Guyana law school for discussion at next CLE meeting

-AG’s Chambers still to supply requested statement on claimed revocation of permission

A month after writing Attorney General (AG) Basil Williams SC for a copy of a statement issued by his office on the claimed about-face by the Council of Legal Educa-tion (CLE) on the establishment of a local law school, the body’s Chair-man says the request is still to be fulfilled.

However, CLE Chair-man Reginald Armour SC also says Guyana’s plans for the establishment of a law school will be discussed at a Council meeting next month.

“The only response I can give you is that… the Law School in Guyana is on the agenda to be discussed in Barbados in the first week in February by the Coun-cil,” Armour said when contacted via telephone by Stabroek News.

Armour is based in Trinidad.

In January last year, the Guyana Government  signed a Memorandum of Understanding (MoU) with the University College of the Caribbean (UCC) and the Law College of the Americas (LAC) for the construction of the JOF Haynes Law School.
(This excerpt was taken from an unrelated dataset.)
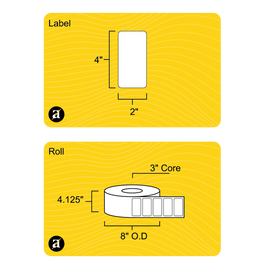 4" x 2" Direct Thermal Label - 3" Core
The approximately US$75 million investment, it was said, would end years of problems that local students have had entering regional law schools to complete their studies.

Since then, Williams has consistently insisted that the project was going ahead and had said that construction would start as soon as the University of Guyana identified a spot at the Turkeyen Campus.

However, in a statement issued on December 9th, 2017, the AG’s Chambers implied that the establishment of the school was in limbo as the CLE was now saying that no permission was ever given to Guyana. Former AG Anil Nandlall and now retired Chancellor of the Judiciary Carl Singh were blamed for the turn of events. Both Nandlall and Singh have since distanced themselves from the issue and denied the claims made by Williams.

Armour subsequently said that he was “very concerned” because the state owned Sunday Chronicle report based on the release contained “a number of very significant inaccuracies.”

He had related to this newspaper on December 11th that he wrote to Williams asking for a copy of the press release that the newspaper had referred to.

Armour stressed that he intended to correct the inaccuracies of the newspaper report but “wanted to see what it is that the Attorney General said… while I consider the terms which I will use to correct the inaccuracies.”

Further, he said that because of the history and the fact that the matter has been “carefully documented” as recent as at a CLE meeting which took place in Trinidad in September last year, he needed to see firsthand what Williams said.

His response, he had explained, will be cross-referenced with what the Attorney General has said against the CLE’s records of the facts.

According to the CLE Chairman, he did not want to preempt or assume that the AG was correctly quoted or referred to.

“What I can say categorically is that there are a number of very serious significant inaccuracies in the Sunday Chronicle report. Beyond that I don’t want to say anything further. I want to first see what the Attorney General said in his press statement. I am concerned,” he reiterated.

Stabroek News asked Armour on Monday whether he had received a copy of the release as was requested. He responded in the negative. “No, I have not received anything from Mr. Williams. That is as much as I am prepared to say at the moment. The Council will be dealing with the matter,” he stressed.

The release issued by the AG’s Chambers had said Armour was relying on a report of a Review Committee, which included Singh, to now say that the CLE never gave permission to Guyana to establish its own law school.

It also informed that while efforts were being made to have a feasibility study done, Armour was yet to formally honour Guyana’s request for the criteria to operate a law school and has raised some other purported concerns of the Review Committee.